» **WORK INSTRUCTION**:
Beginning with the line of the entries below that holds "Serenity on the" and ending with the line that holds "Majin Buu, Malice", transcribe each line exactly as written. Pictures stay out.

» **INPUT MATERIAL**:
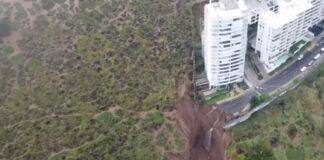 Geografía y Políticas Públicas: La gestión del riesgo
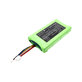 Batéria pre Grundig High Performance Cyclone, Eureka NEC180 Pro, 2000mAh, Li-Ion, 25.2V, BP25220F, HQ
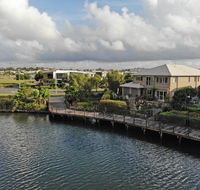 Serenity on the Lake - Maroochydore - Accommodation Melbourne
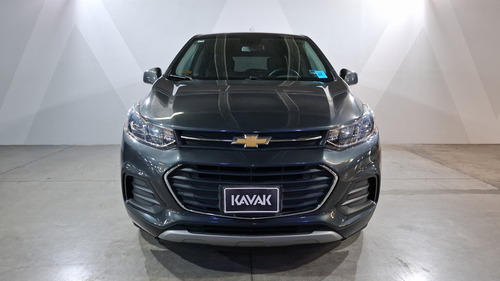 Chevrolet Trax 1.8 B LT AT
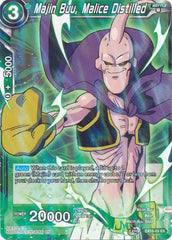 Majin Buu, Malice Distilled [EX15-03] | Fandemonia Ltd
...
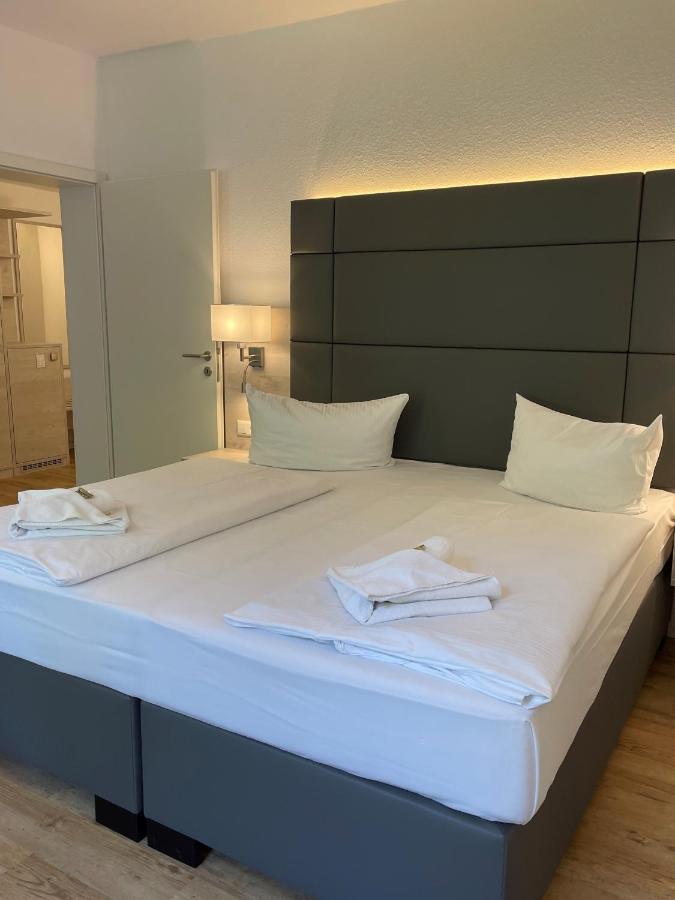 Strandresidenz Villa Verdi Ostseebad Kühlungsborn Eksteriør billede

» **EXERCISE RESPONSE**:
 Serenity on the Lake - Maroochydore - Accommodation Melbourne
 Chevrolet Trax 1.8 B LT AT
 Majin Buu, Malice Distilled [EX15-03] | Fandemonia Ltd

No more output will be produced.